▶ _YOUR GOAL_
Copy exactly and only the lines running from the one that contains "成考與單招區(qū)別在哪？2025年廣東考生必看對比指南思維導圖" to the final line of the data below, without the pictures.
>>>
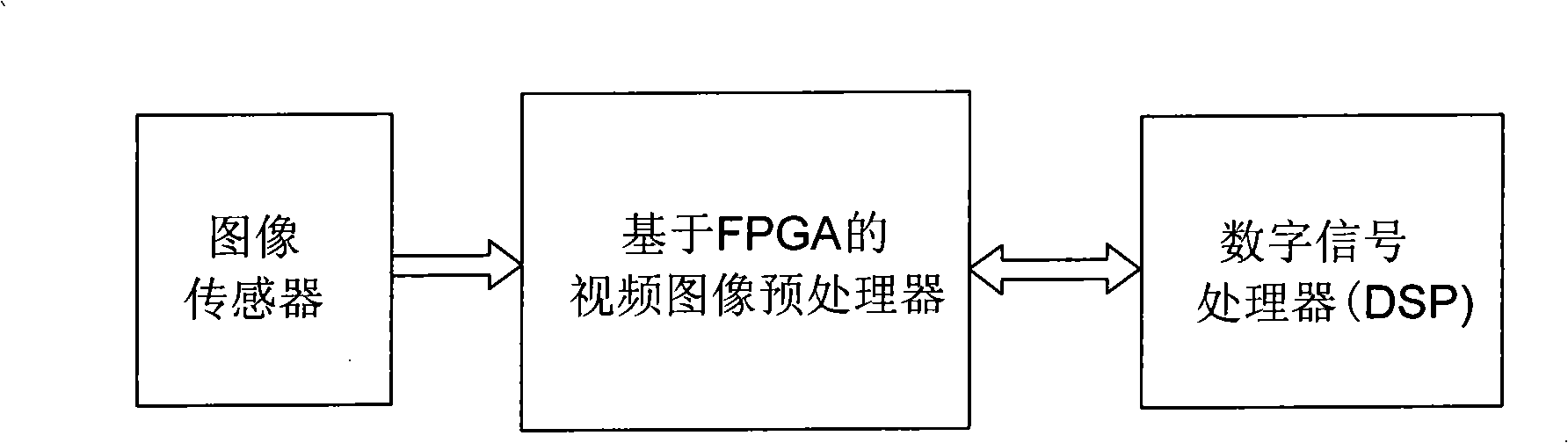 Video image preprocessor on basis of FPGA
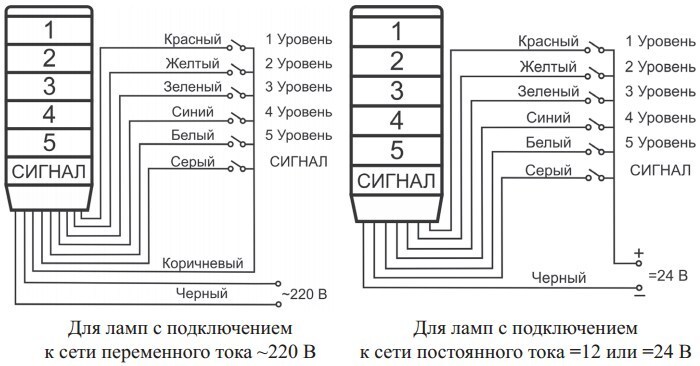 Xvbc21 схема подключения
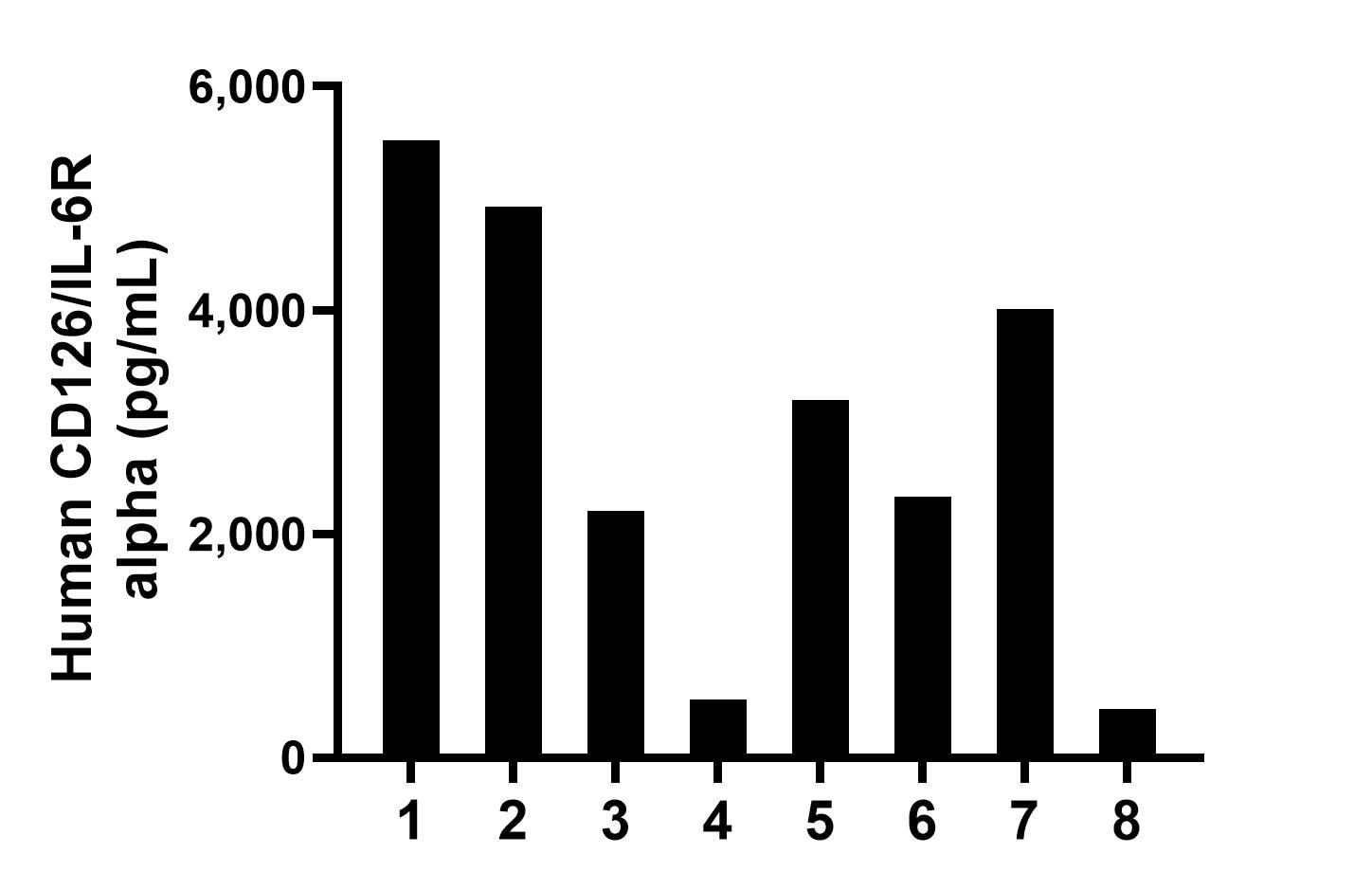 Sample test of MP50060-1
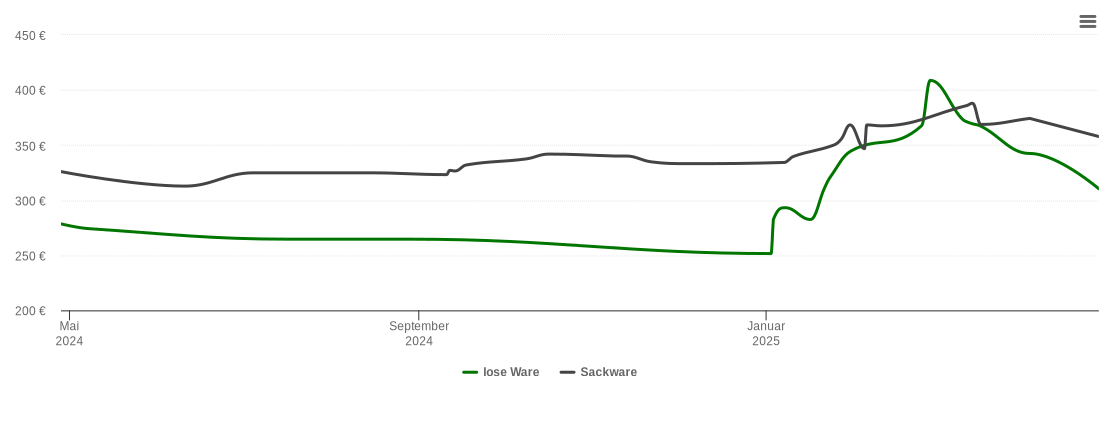 Holzpelletspreis-Chart für Heidesee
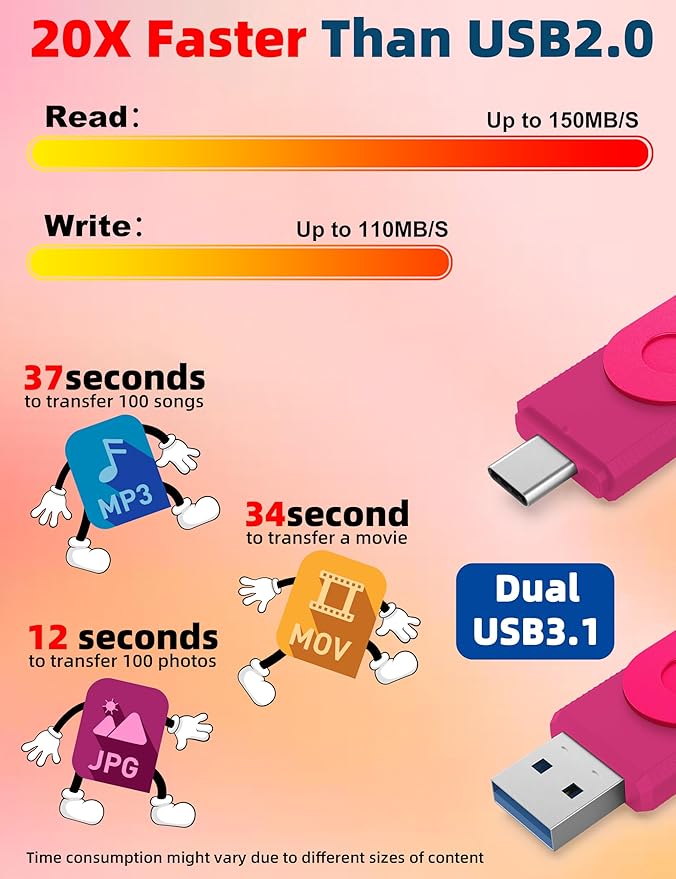 MOSDART 64GB USB3.1 Fast Speed C and A Dual Flash Drive, exFAT Memory Stick - Image 5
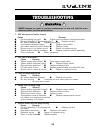 Service And Parts Manual - (page 25)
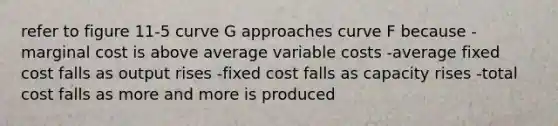 refer to figure 11-5 curve G approaches curve F because -marginal cost is above average variable costs -average fixed cost falls as output rises -fixed cost falls as capacity rises -total cost falls as more and more is produced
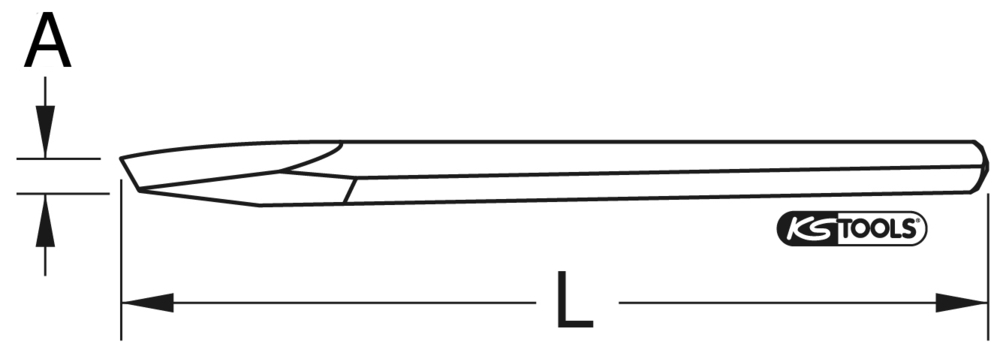 Technical schema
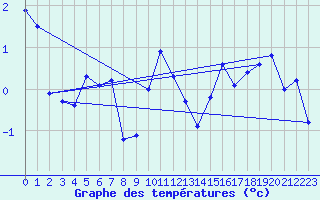 Courbe de tempratures pour Engins (38)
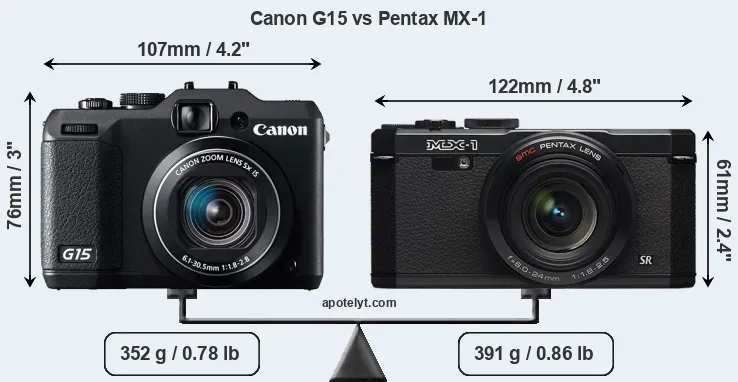 Size Canon G15 vs Pentax MX-1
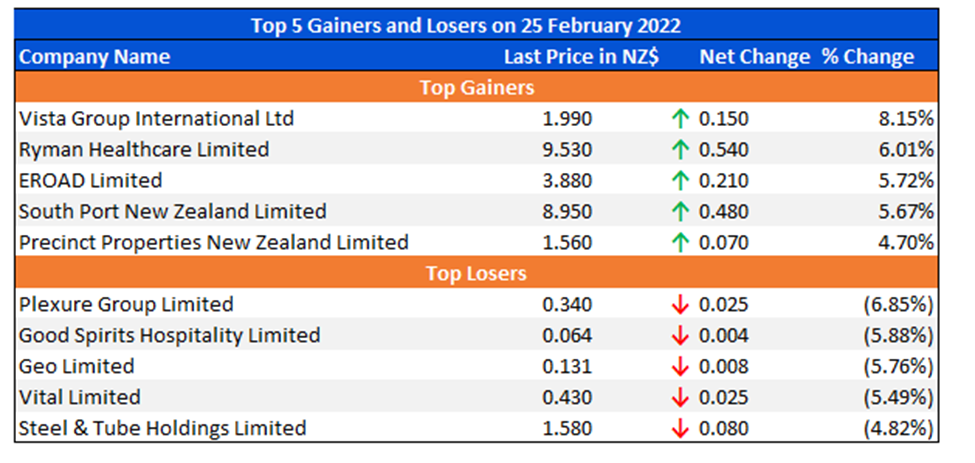 Top 5 Gainers and Losers on 25 February 2022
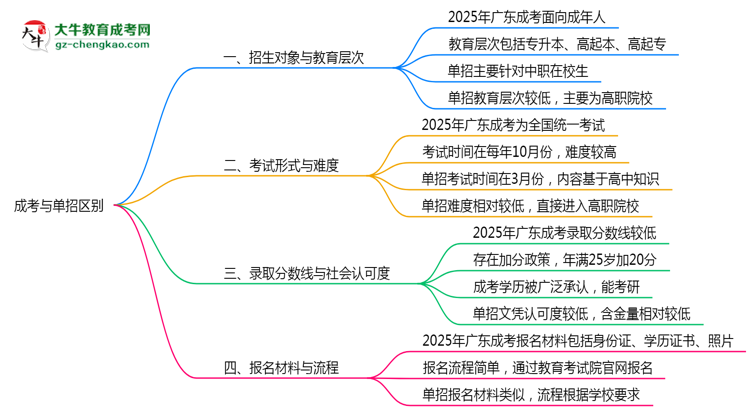 成考與單招區(qū)別在哪？2025年廣東考生必看對比指南思維導圖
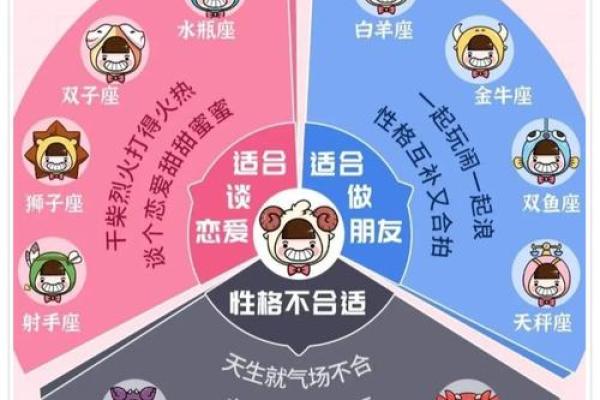 白羊女和什么座最配对 白羊男和什么座最配对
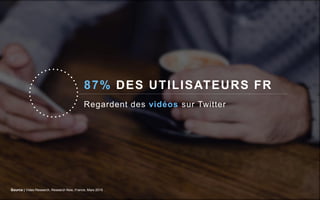 Regardent des vidéos sur Twitter
87% DES UTILISATEURS FR
Source | Video Research, Research Now, France, Mars 2015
<<<
▶ _PROBLEM SOLUTION_
 成考與單招區(qū)別在哪？2025年廣東考生必看對比指南思維導圖
 白羊女和什么座最配对 白羊男和什么座最配对
 Regardent des vidéos sur Twitter
87% DES UTILISATEURS FR
Source | Video Research, Research Now, France, Mars 2015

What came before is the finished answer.